Cooper’s Hawk out my window. January 22, 2021

I know, I know. Pretty basic insight. That doesn’t mean it’s not also liberating and kinda profound.

And now I’m off to write/revise without scurrying off in search of confirmation, validation, or procrastination.

Mysterious world

American Robin. February 12, 2021

Birds are the most popular group in the animal kingdom. We feed them and tame them and think we know them. And yet they inhabit a world which is really rather mysterious.  ~ David Attenborough

Nature for the win

There are so many thoughts and feelings jumbled inside me right now regarding the climate crisis, green new deal, capitalism, greed, cruelty, political failure, collective trauma, heartache and rage, but rather than unpack all that, I opted for self-care. I just spent the last thirty minutes looking through photos from camping trips and hikes, birding excursions, quick getaways in the nearby open space, etc. It was nice to gaze upon and remember those moments.

May 6, 2019

Because I need to get outside to shovel the much-needed snow we finally got last night, I had to quit my trip down memory lane and make a photographic decision. I opted to celebrate (again) the juvenile Limpkin that allowed me to take many photos of it when I visited Kapok Park.

One bird can’t change the trajectory of the world, but this limpkin can and did soothe my soul. Maybe it will do the same for you.

Creeping on a Creeper

As I hoop-danced this morning, I watched various nuthatches and a squirrel visit the peanut feeder hanging in the tree outside the window. And then I noticed another bird moving up and down the tree trunk. The elusive Brown Creeper!

I stepped out of the spin and grabbed my camera, hoping I’d finally get a decent photo of that beautiful bird that never stops moving.
     

   

Definitely not high-quality captures, but these photos are documentation of the morning I paused my happy hoop-dancing session to stalk a Brown Creeper.

Nuthatch vs. Thatcher

I decided to bless this Monday with a wee Pygmy Nuthatch and went in search of a quote to accompany my photo. Alas, brainyquote.com interpreted my “nuthatch” request as a search for Margaret Thatcher quotes. NOOOOOOOOO!

I remember gagging when the valedictorian in Zebu’s high school class (a young man I like very much), referenced Thatcher in a positive light in his graduation day speech. And more recently, I could barely watch season four of THE CROWN because it included the Iron Lady, a politician whose every mention makes me feel stabby.
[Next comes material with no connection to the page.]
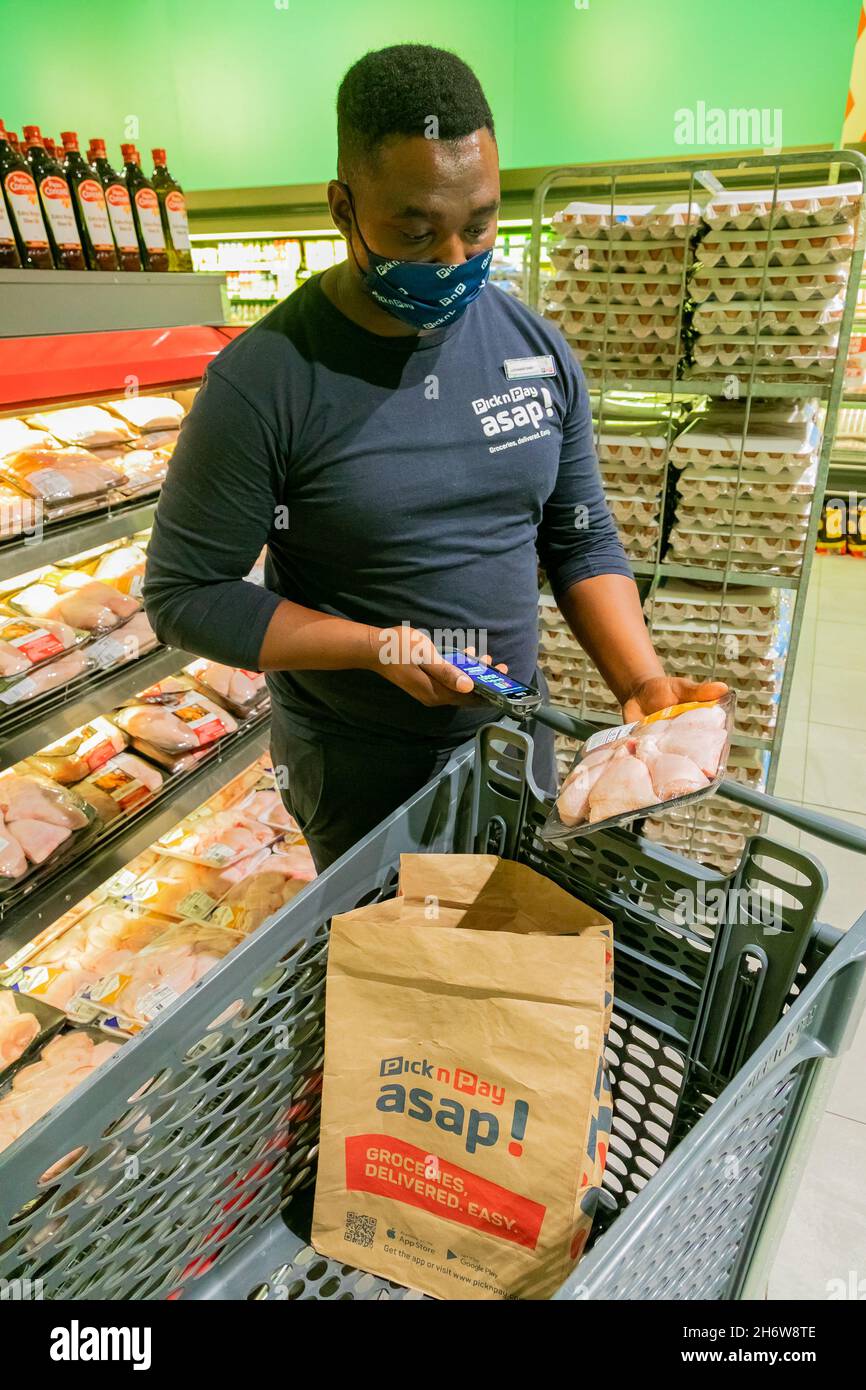 Cape Town, Afrique du Sud - 9 septembre 2021 : un membre du personnel cueille des produits à partir de l'étagère pour un service de livraison express à domicile Banque D'Images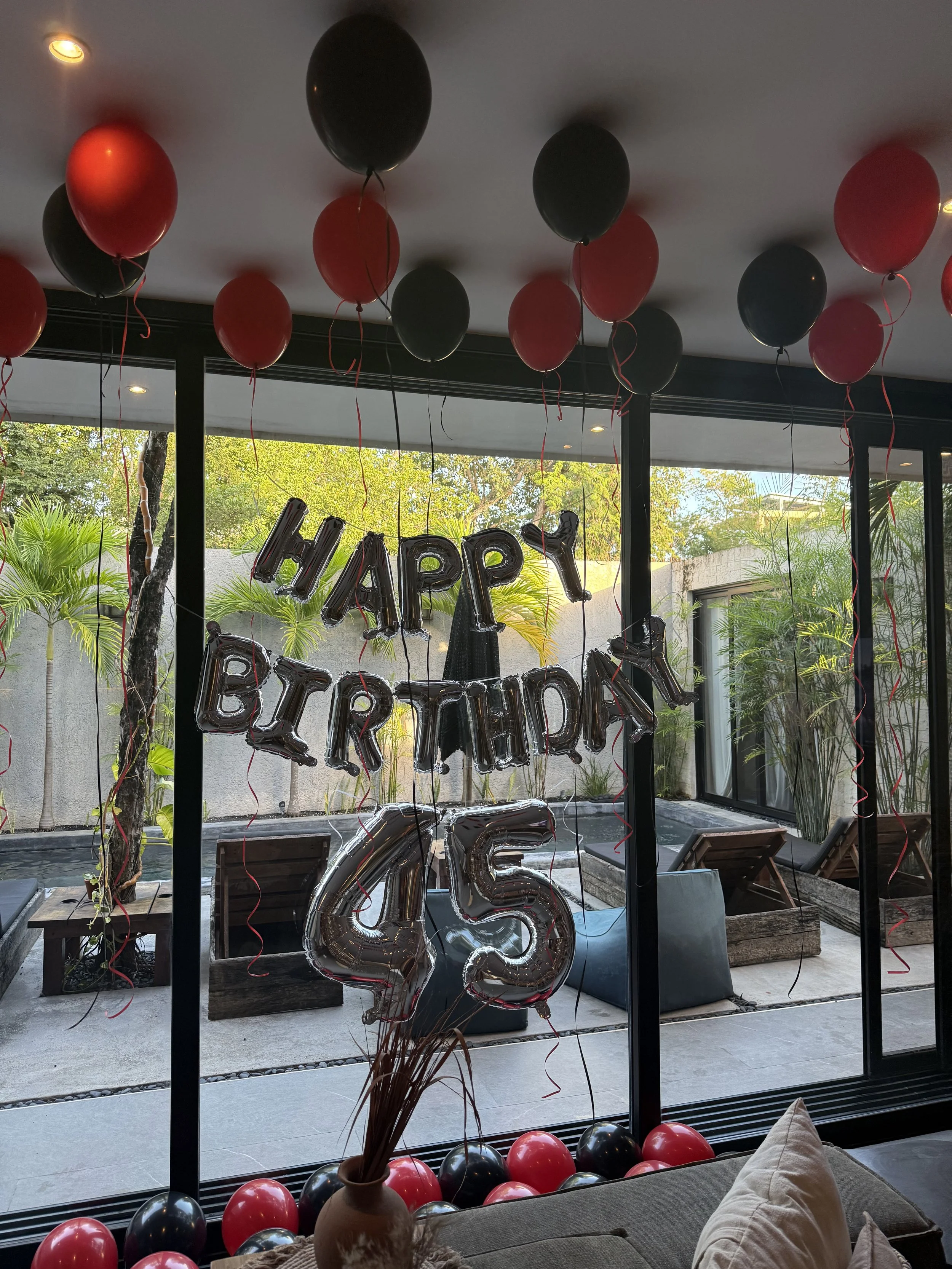 Decorations for a 45th birthday celebration inside a house or apartment, including red and black balloons, a "Happy Birthday" banner in black balloons, and a large silver number "45" balloon. The decorations are set against a glass window or sliding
Gillian Anderson did an amazing job portraying that horrible woman and the heartless policies she championed, but my entire body felt like a mass of raw nerves whenever she was on screen. (Okay, I can’t resist giving a sample of Thatcher’s philosophy: “A world without nuclear weapons would be less stable and more dangerous for all of us.”) Spoken like a true colonizer, Maggie.

Anyway, getting back to the original intent. Here’s a sweet little bird that recently visited our yard:

January 10, 2021

Happy Monday to all. Stay well and I wish everyone a good week.

Sunday Confessional: played by a hawk

The other day, I glanced out the kitchen window and saw a hawk on the power line. It turned out to be a Cooper’s Hawk and I remained still to admire it, knowing from experience how quickly predator birds will leave the wire. But after a couple minutes, I decided to take a chance and went for my camera.

January 22, 2021

January 22, 2021

I went to a closer window and took a bunch of photos that looked to be pretty good. The entire time, the hawk stayed right where it was on the wire, head turning as it scanned the ground  in all directions.

Satisfied with my still shots, I changed the camera settings in preparation for the hawk taking flight. I’d had enough of my many blurred, out-of-focus shots of birds in flight. This time, I’d be ready.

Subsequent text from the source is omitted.